Kematian terjadi hanya di 16 persen rumah, katanya, dan setengah dari semua kematian terjadi hanya di 23 rumah di seluruh provinsi.

Cerita berlanjut di bawah iklan

Analisis asosiasi sendiri menunjukkan kematian sebagian besar terjadi di rumah-rumah tua dengan bangsal tiga dan empat kamar tidur dan kekurangan staf yang parah yang terletak di hot spot COVID-19 _ dan mereka terjadi sebelum provinsi mengumumkan rencana tindakan mereka pada pertengahan April.

“Itu adalah badai yang sempurna,” kata Duncan. “Dan kemudian tidak ada staf baru yang masuk.”

Rencana aksi provinsi termasuk mengarahkan peralatan pelindung pribadi ke rumah, pengujian massal, dan, yang paling penting, bantuan staf dari rumah sakit dan militer.

Tapi butuh beberapa saat untuk mendapatkan alat pelindung dan ketika provinsi akhirnya bisa menyediakannya, beberapa di antaranya sudah kedaluwarsa, kata Ruth McFarlane, wakil ketua dewan direksi.

Rumah-rumah kemudian harus menandatangani surat pernyataan membebaskan provinsi dari risiko apa pun untuk menyediakan peralatan.

“Itu menjadi latihan kepercayaan,” katanya.

Baca lebih banyak:

Rumah perawatan jangka panjang Ontario menderita karena upaya untuk membantu rumah sakit, penyelidikan mendengar

Duncan mengatakan faktor-faktor lain yang berkontribusi pada masalah kepegawaian termasuk Manfaat Tanggap Darurat Kanada dari pemerintah federal, yang membuat beberapa pekerja enggan kembali ke pekerjaan mereka, dan arahan dari provinsi untuk memiliki staf yang bekerja hanya di satu lokasi.

Cerita berlanjut di bawah iklan

“Jelas, rumah sakit adalah pemberi kerja favorit karena kompensasinya lebih baik,” katanya.

Duncan mengatakan pemerintah dan panti jompo harus bertindak cepat dan bekerja sama sebagai mitra.

“Jika kita akan mempertahankan staf kita, jika kita akan merekrut lebih banyak staf, jika kita akan mendukung kesehatan mental dan kesejahteraan penghuni kita, keluarga kita, dan staf kita serta pemimpin kita, cukup sejujurnya, ini benar-benar harus tentang kemitraan yang sangat agresif, ”katanya.

Rumah-rumah tersebut juga bekerja dengan perguruan tinggi dan berbagai organisasi dalam upaya mengatasi kekurangan staf, katanya.

“Bisakah kita memanfaatkan tenaga kerja baru?
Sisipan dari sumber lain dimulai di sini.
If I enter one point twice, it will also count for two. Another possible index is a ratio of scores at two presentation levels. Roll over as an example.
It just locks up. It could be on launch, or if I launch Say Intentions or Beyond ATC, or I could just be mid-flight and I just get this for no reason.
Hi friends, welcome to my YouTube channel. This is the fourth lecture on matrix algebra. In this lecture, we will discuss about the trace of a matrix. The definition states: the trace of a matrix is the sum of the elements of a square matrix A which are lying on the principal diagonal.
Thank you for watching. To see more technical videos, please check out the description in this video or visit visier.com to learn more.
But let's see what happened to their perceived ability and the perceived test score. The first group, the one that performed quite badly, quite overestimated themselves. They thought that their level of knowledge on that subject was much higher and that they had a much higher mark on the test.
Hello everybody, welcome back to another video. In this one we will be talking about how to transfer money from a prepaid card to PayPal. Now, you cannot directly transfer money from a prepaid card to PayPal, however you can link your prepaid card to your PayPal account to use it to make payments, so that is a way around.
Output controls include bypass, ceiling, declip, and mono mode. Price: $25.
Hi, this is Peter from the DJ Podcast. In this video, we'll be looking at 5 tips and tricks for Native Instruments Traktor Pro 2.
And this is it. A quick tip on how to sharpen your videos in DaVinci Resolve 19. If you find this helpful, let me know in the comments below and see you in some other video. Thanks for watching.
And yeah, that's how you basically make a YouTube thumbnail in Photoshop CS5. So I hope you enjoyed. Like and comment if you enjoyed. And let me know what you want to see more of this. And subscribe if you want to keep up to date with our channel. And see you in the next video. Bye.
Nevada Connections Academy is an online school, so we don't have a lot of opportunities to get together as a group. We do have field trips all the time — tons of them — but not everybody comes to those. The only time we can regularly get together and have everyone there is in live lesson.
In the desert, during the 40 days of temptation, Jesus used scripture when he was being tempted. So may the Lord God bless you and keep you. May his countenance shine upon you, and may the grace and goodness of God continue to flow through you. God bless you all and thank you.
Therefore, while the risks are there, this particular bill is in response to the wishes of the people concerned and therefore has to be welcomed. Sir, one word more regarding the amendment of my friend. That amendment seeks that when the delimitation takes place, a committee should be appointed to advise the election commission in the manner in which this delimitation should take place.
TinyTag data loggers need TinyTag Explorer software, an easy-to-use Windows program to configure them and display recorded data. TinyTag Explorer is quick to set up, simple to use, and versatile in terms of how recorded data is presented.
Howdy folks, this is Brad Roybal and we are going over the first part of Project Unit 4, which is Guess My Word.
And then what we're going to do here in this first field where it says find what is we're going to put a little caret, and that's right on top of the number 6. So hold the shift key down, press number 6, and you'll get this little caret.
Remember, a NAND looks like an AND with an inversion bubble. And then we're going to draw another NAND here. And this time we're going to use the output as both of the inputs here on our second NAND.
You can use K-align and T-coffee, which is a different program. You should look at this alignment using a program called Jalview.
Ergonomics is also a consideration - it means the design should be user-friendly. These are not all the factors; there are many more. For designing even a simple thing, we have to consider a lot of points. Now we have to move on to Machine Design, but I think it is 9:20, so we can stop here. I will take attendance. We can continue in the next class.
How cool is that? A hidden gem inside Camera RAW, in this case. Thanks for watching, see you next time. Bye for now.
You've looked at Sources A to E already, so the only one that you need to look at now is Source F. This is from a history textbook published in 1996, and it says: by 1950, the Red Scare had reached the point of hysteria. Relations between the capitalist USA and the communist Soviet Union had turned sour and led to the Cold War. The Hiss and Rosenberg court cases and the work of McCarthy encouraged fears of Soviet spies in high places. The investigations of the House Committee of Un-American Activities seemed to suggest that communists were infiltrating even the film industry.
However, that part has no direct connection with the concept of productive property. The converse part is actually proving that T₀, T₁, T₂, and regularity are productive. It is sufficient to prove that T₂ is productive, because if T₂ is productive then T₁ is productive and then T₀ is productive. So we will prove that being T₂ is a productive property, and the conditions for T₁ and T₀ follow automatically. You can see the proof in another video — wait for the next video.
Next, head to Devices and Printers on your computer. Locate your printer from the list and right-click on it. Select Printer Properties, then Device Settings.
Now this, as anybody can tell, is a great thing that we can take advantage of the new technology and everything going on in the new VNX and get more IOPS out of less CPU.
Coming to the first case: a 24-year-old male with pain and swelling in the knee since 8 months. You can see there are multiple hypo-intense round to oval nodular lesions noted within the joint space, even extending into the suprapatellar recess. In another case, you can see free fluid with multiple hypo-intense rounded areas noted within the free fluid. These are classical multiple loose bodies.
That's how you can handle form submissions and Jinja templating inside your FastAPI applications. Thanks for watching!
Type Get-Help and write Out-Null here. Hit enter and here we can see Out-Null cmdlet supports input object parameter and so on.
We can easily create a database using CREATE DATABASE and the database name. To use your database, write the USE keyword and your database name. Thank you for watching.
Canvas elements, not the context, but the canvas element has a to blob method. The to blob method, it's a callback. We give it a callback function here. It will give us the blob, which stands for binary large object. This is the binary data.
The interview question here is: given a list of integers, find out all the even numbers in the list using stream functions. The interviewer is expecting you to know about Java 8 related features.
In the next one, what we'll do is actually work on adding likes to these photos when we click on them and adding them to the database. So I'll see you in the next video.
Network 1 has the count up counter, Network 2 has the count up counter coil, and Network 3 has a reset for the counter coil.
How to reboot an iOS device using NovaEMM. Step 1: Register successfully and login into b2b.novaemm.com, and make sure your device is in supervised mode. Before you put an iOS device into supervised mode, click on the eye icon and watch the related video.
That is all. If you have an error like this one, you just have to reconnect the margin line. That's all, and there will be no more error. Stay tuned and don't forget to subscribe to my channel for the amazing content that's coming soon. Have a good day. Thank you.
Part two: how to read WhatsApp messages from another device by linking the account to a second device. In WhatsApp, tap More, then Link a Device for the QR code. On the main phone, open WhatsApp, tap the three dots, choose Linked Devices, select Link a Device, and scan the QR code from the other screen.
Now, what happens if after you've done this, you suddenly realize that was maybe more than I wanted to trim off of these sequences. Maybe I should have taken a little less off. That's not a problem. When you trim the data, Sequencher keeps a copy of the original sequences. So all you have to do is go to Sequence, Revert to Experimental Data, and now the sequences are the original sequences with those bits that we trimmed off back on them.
Anda tahu, orang-orang dari industri akomodasi dan perhotelan, sayangnya, kehilangan pekerjaan, ”katanya.

Mereka telah mendiskusikan gagasan melatih anggota baru untuk menjadi pekerja pendukung pribadi saat bekerja di rumah, katanya.

“Kami bisa melatih tenaga kerja dengan cukup cepat,” kata Duncan.

Komisi independen, yang dipimpin oleh ketua asosiasi Pengadilan Tinggi Frank Marrocco, ditahan berdasarkan Undang-Undang Perlindungan dan Promosi Kesehatan dan diharapkan dapat memberikan rekomendasi pada musim semi mendatang.

Lihat link »


© 2020 The Canadian Press


Joker123 Permainan slot online paling menarik saat ini, banyak kemudahan bisa kalian dapatkan disini, Main dan raihlah Jackpotnya!.